4.1. Assignment: Model Identification#

Fitting models to data is an engineering skill that links between the real world of engineering systems to the theory you’ve been learning in the classroom. For this laboratory session you will collect data from a step test experiments, then fit the data to models derived from first-principles energy balances.

4.1.1. Procedure#

  1. Download a copy of this notebook to your laptop and complete the the data collection exercises shown below. The results should be embedded in the notebook. Be sure to ‘save-as-you-go’ to avoid losing your work.

  2. Use your step test data to fit two versions of a model for the temperature control lab:

  • One-state model with one input.

  • Two-state model with one input

  1. Submit your completed lab notebook via Canvas.

4.1.2. Exercise 1. Step Tests and Data Collection#

4.1.2.1. Step 1. Verify operation.#

Execute the following cell to verify that you have a working connection to the temperature control lab hardware. This will test for installation of TCLab.py, connection to the Arduino device, and working firmware within the Arduino.

from tclab import TCLab, clock, Historian, Plotter

lab = TCLab()
print("TCLab Temperatures:", lab.T1, lab.T2)
lab.close()

4.1.2.2. Step 2. Check for steady state#

As discussed in class, for step testing the device must be initially at steady state. Run the following code to verify the heaters are off and that the temperatures are at a steady ambient temperature.

# experimental parameters
tfinal = 30

# perform experiment
with TCLab() as lab:
    lab.U1 = 0
    lab.U2 = 0
    h = Historian(lab.sources)
    p = Plotter(h, tfinal)
    for t in clock(tfinal):
        p.update(t)

4.1.2.3. Step 3. Step Test#

The step test consists of turning one heater one at 50% power and recording temperature data for at least 800 seconds. Copy the code from Step 2 into the following cell. Then modify as needed to accomplish the step test with P1 at 200 and using 50% of maximum power.

# write your code here

4.1.2.4. Step 4. Save data to a .csv file#

Run the following cell to verify and save your data to a ‘.csv’ file. Be sure you can find and locate the data on your laptop before ending your session. You will need access to this data for subsequent exercises.

import matplotlib.pyplot as plt

t, T1, T2, Q1, Q2 = h.fields

plt.plot(t, T1, t, T2, t, Q1, t, Q2)
plt.legend(['T1','T2','Q1','Q2'])
plt.xlabel('Time / seconds')
plt.grid()

h.to_csv('tclab-data.csv')

4.1.3. Exercise 2. Fitting a First-Order Model#

As discussed in class, a simple energy balance model for T1 is given by

\[C_p \frac{dT_1}{dt} = U_a(T_{amb} - T_1) + \alpha P_1 U_1\]

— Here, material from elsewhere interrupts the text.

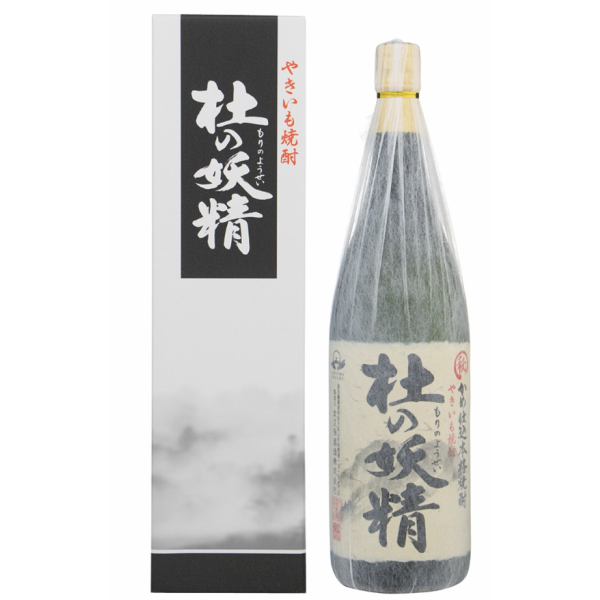 杜の妖精 化粧箱入 25度 1800ml 太久保酒造 芋焼酎 鹿児島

where the parameter \(\alpha\) has, through independent means, been determined as 0.00016 when U1 is given in percent of full power and power is measured in Watts. Following the notes from Section 2.4, use the results of this experiment to estimate values for \(C_p\) and \(U_a\). Write your answers in the following cell.

You may cut and paste code from Section 2.4 for this task. You will need to modify the code to read your data file. Be sure to report

  1. Final estimates for \(U_a\) and \(C_p\)

  2. An estimate of the time constant computed from \(U_a\) and \(C_p\).

  3. An estimate of the steady-state gain computed from \(U_a\).

4.1.4. Exercise 3. Fitting a Second-Order Model#

A second order model is for the heater/sensor combination is given by

\[\begin{split} \begin{align} C^H_p\frac{dT_{H,1}}{dt} & = U_a(T_{amb} - T_{H,1}) + U_b(T_{S,1} - T_{H,1}) + P_1u_1\\ C^S_p\frac{dT_{S,1}}{dt} & = U_b(T_{H,1} - T_{S,1}) \end{align} \end{split}\]

where \(T_{H,1}\) is the heater temperature, \(T_{S,1}\) is the sensor temperature, and \(U_b\) is the heat transfer coefficient between the heater and sensor.

Modify the code you developed for Exercise 2 to fit this second order model. The code shown in Section 2.5 of the notes may be helpful.

  1. Report your best fit for \(U_a\), \(U_b\), \(C^H_p\), and \(C^S_p\).

  2. What are the time constants for the heater and sensor? Do you see any relationship between these time constants and what you found for the first-order model?